Required work: In the data below, find the line with "Motion-Activated Outdoor Critter" and the line with "Solution Manual Understanding", then restate both and every line between them exactly, minus the pictures.

Input data:
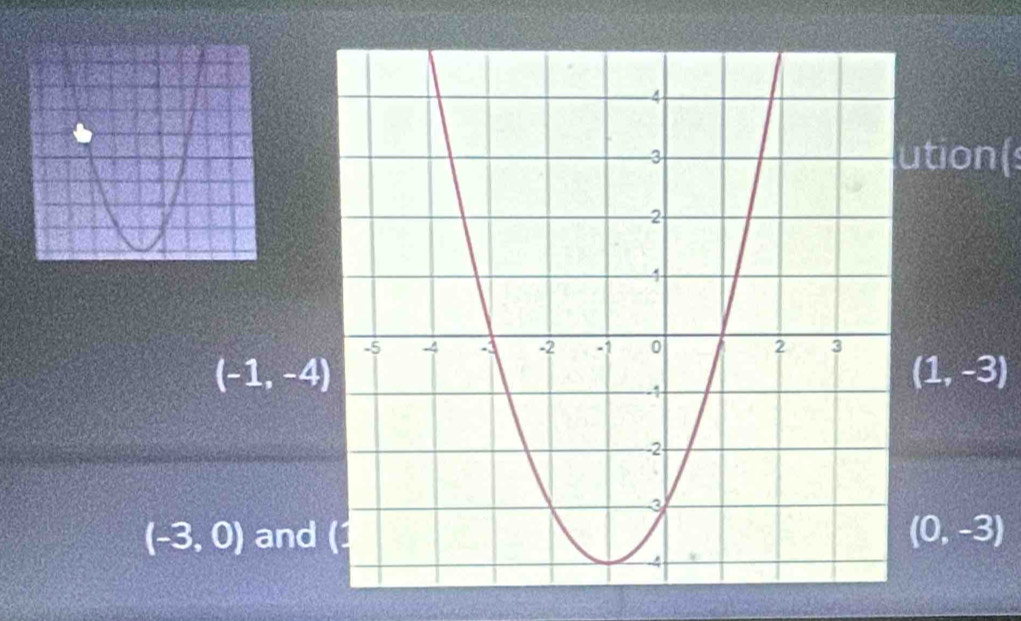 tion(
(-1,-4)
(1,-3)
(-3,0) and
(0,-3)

--

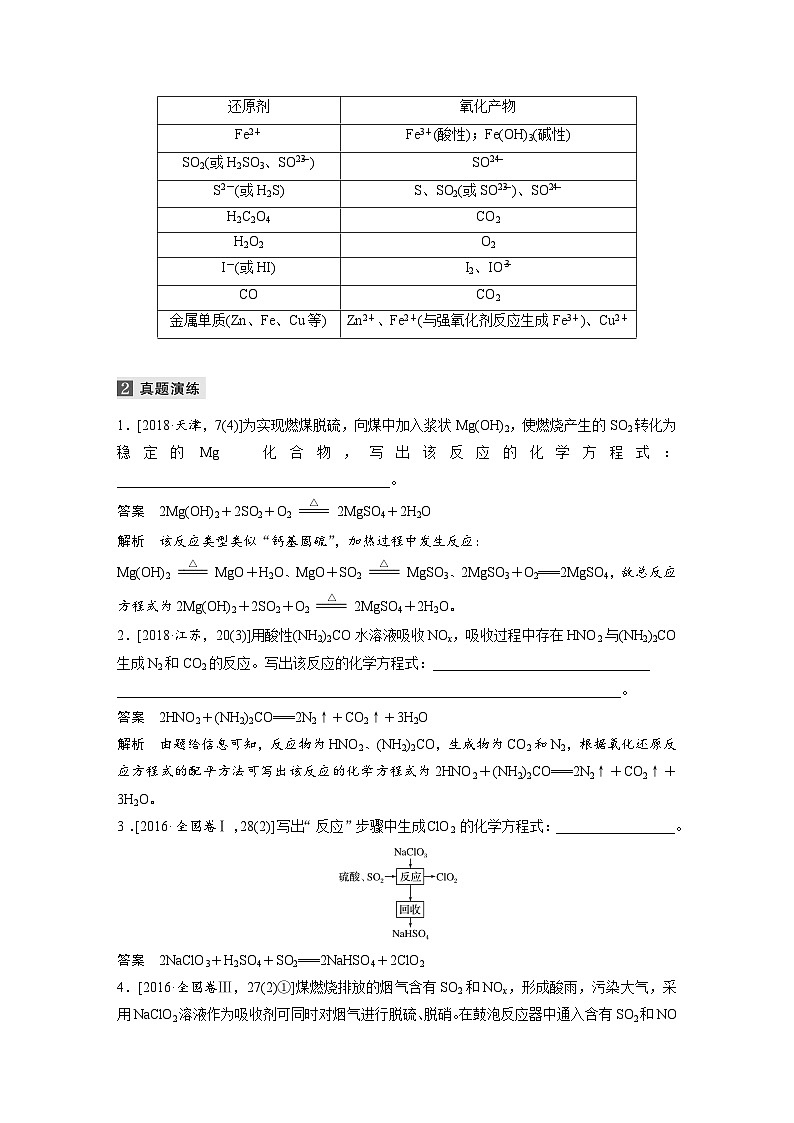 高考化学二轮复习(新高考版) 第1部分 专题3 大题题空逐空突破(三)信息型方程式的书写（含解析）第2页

...

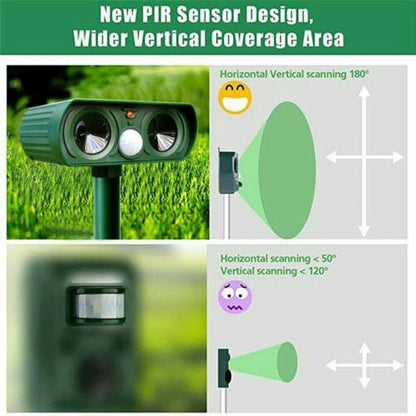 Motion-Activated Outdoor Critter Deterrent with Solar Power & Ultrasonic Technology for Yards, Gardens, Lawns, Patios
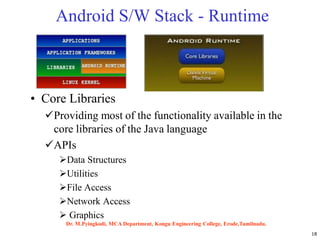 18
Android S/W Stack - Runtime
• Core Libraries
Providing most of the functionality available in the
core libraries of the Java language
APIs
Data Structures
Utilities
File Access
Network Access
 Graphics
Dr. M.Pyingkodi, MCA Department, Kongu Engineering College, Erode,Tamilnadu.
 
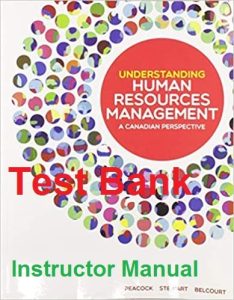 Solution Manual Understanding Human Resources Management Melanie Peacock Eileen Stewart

Task output:
 Motion-Activated Outdoor Critter Deterrent with Solar Power & Ultrasonic Technology for Yards, Gardens, Lawns, Patios
 18
Android S/W Stack - Runtime
• Core Libraries
Providing most of the functionality available in the
core libraries of the Java language
APIs
Data Structures
Utilities
File Access
Network Access
 Graphics
Dr. M.Pyingkodi, MCA Department, Kongu Engineering College, Erode,Tamilnadu.
 
 Solution Manual Understanding Human Resources Management Melanie Peacock Eileen Stewart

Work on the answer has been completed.